Thanks to all that read and replied! Well, I went to the urologist. I just saw the PA, not the doctor yet. She was super nice and I am so glad I chose that office. Basically, they did an ultra sound of my bladder to measure the amount of urine left after I went. I ended up still having 162mL remaining after I went to the bathroom. I knew I had a retention problem. She ended up giving me Flomax for my issue with getting started with urination. This stuff is pretty weird. It severly effects my cognitive functions, makes me dizzy, and makes me slur my words pretty bad. Which really sux because I work in a customer service call center and half to talk all night long. It feels like my tongue is about 5 inches thick. So, I think I may have to contact the doc and see if she wants to prescribe something else. Has anyone else experienced this?

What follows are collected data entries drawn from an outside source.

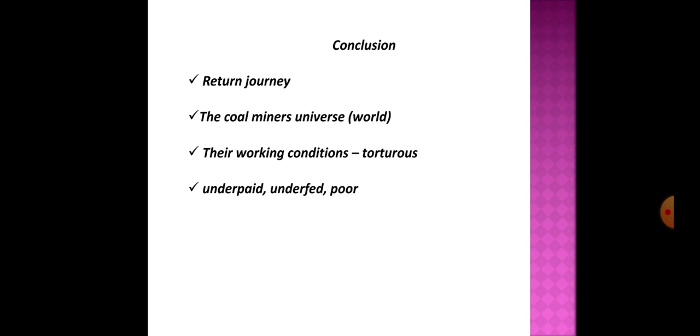Orwell says that the fillers do undoubtedly perform a stupendous task and that a miner's job is beyond his power. He is not a manual laborer and he cannot imagine doing such things.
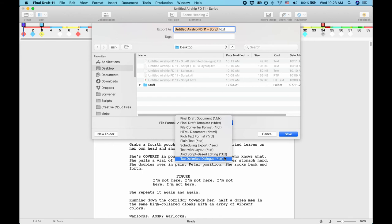There is a little trick you can apply to make Final Draft 11 export Fountain, although it's not officially supported. If you want to see how it works, I have an extra video about this, which you will see in the upper right corner.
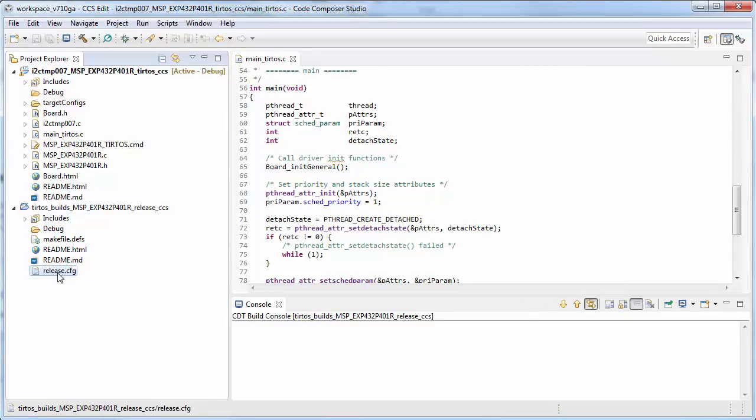We need to copy the configuration file that contains all of the configuration information for the kernel from the kernel project to the application project.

She has ordered a "special" CT scan... no idea why it is special or why it has to be special... and also a "special" urine analysis... I am going to give my urine sample tomorrow and my ct scan is scheduled for friday!! I guess we will find out! Anyone else been through this?? Would love to hear from you all!

I hope you get some answers after your appt on Friday.

When I was first dx'd with MS, I too had urinary problems. I made several trips to the ER just to get "cathed" because I was not able to "pee." That was the beginning of my diagnosis process.

I had a bladder ultrasound, a CT scan, and was taught how to self-cath. The doc rx'd valium (5mg) for me when I am having problems so my bladder will relax enough to allow me to urinate. I really haven't had any serious problems except when I have an exacerbation.

I have had a lot of yeast infections in the past due to having so many IV solumedrol treatments. My ob/gyn doc finally suggested that I take daily AZO Yeast (over the counter) and it has been great. Not one yeast infection since. It's cheap stuff and I take 1 tablet daily.

Keep us posted on your appt on Friday and keep asking questions! We are here to help you.